Professeur émérite à la Freie Universität de Berlin, bien connu par ses travaux d’histoire du droit comme par ses prises de position politiques, Uwe Wesel livre dans cet ouvrage une étude sur plus de 70 ans d’évolution du droit dans le cadre de la République fédérale d’Allemagne. Non seulement cette analyse est fort utile pour les lecteurs non-allemands (comme l’auteur de cette recension), mais elle suscite un grand intérêt sur la problématique (héritée de Montesquieu) du lien entre un régime constitutionnel et l’ensemble des règles de droit qui sont appliquées ou modifiées durant ce régime. Elle renouvelle aussi la question de l’histoire contemporaine du droit poussée jusqu’au temps présent par un observateur qui a lui-même vécu toute la période étudiée. Disons tout de suite que, sur cette seconde question, Uwe Wesel réussit le pari de combiner la nécessaire distanciation scientifique avec l’expression de ses propres opinions laissant apparaître un jugement politique. L’auteur ne cache pas ainsi qu’il considère scandaleuse la complaisance dont les magistrats allemands ont fait preuve dans les années 1960 et 1970 à l’égard de leurs prédécesseurs de l’époque nazie, de même qu’il trouve injuste (en sens inverse) la sévérité des poursuites contre les anciens juges de la DDR après la réunification. Ce jugement de valeur, que l’on peut comprendre et partager, ne donne nullement à l’ouvrage le caractère d’un écrit partisan, l’auteur se gardant de toute appréciation dévalorisante sur les personnes des gouvernants ou des juristes étudiés. L’étude | est par ailleurs très technique quand elle aborde des questions relativement pointues de droit civil, commercial ou pénal.

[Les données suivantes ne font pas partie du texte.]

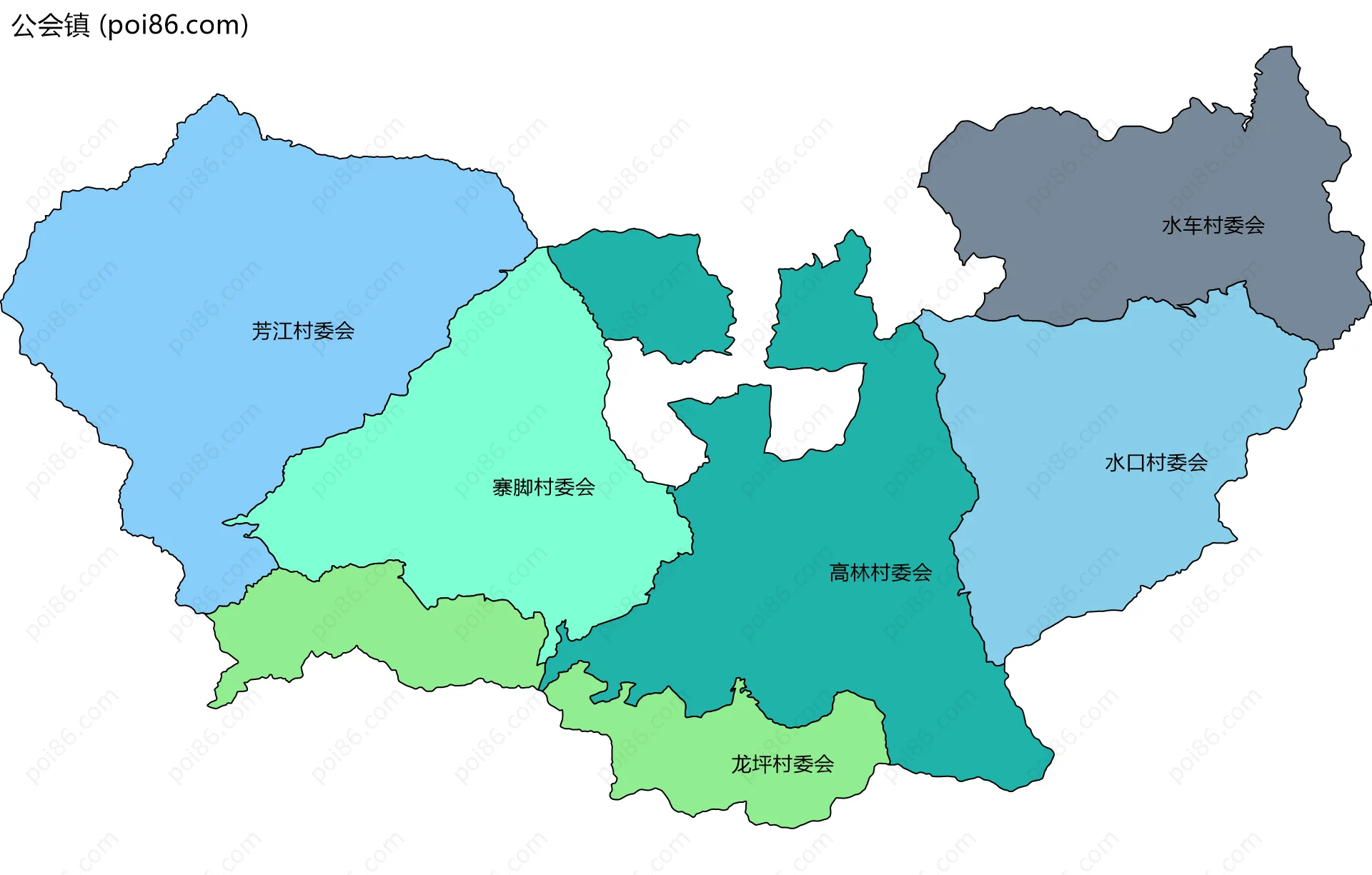 公会镇边界地图(五级行政区划)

En l’absence d’introduction sur la méthodologie et la problématique de l’auteur, il faut suivre le plan chronologique de l’ouvrage pour en dégager le sens au-delà des renseignements fort utiles qu’il fournit sur les principales lois adoptées de 1949 à nos jours, comme sur certaines évolutions relevant davantage de la sociologie du droit. La première des quatre périodes étudiées est celle de l’occupation par les Alliés de 1945 à 1949, c’est-à-dire jusqu’à la création de la BRD. Pour l’auteur, la capitulation sans conditions créait une situation inédite non prévue par les dispositions de la Convention de la Haye de 1907 sur les territoires occupés, une convention qui avait perdu toute portée avec le régime nazi, l’Holocauste et la guerre à outrance (y compris sous la forme des bombardements alliés frappant les civils). La rupture juridique pouvait être interprétée, comme le firent Kelsen et Nawiasky, comme la fin de tout État allemand. Mais les Alliés, comme les Allemands qui devaient continuer à vivre (contrairement à ce que laisse entendre l’expression de Stunde Null), admirent certaines formes de continuité avec la situation antérieure au 9 mai 1945: la confirmation d’un grand nombre de fonctionnaires subalternes, le rétablissement de la structure des communes et des Länder puis des tribunaux et le maintien de l’essentiel du droit allemand en vigueur (des règles du BGB à la plupart de celles sur le mariage élaborées en 1938), à l’exception des principales lois nazies qui étaient abrogées. Les processus de dénazification, assez rapidement délégués aux autorités allemandes après les procès des tribunaux militaires et de Nuremberg (dont l’auteur estime le jugement globalement juste, tout en relevant l’indulgence des sentences dans le Juristenprozess de 1947, comme le nombre disproportionné de procès organisés par les Français dans leur petite zone d’occupation) mettent en valeur les différences qui n’ont cessé de se creuser jusqu’en 1949 entre les zones d’occupation de l’Ouest et celles de l’Est, avec aussi la constitution de la Bizone et l’échange de monnaies en faveur du D-Mark.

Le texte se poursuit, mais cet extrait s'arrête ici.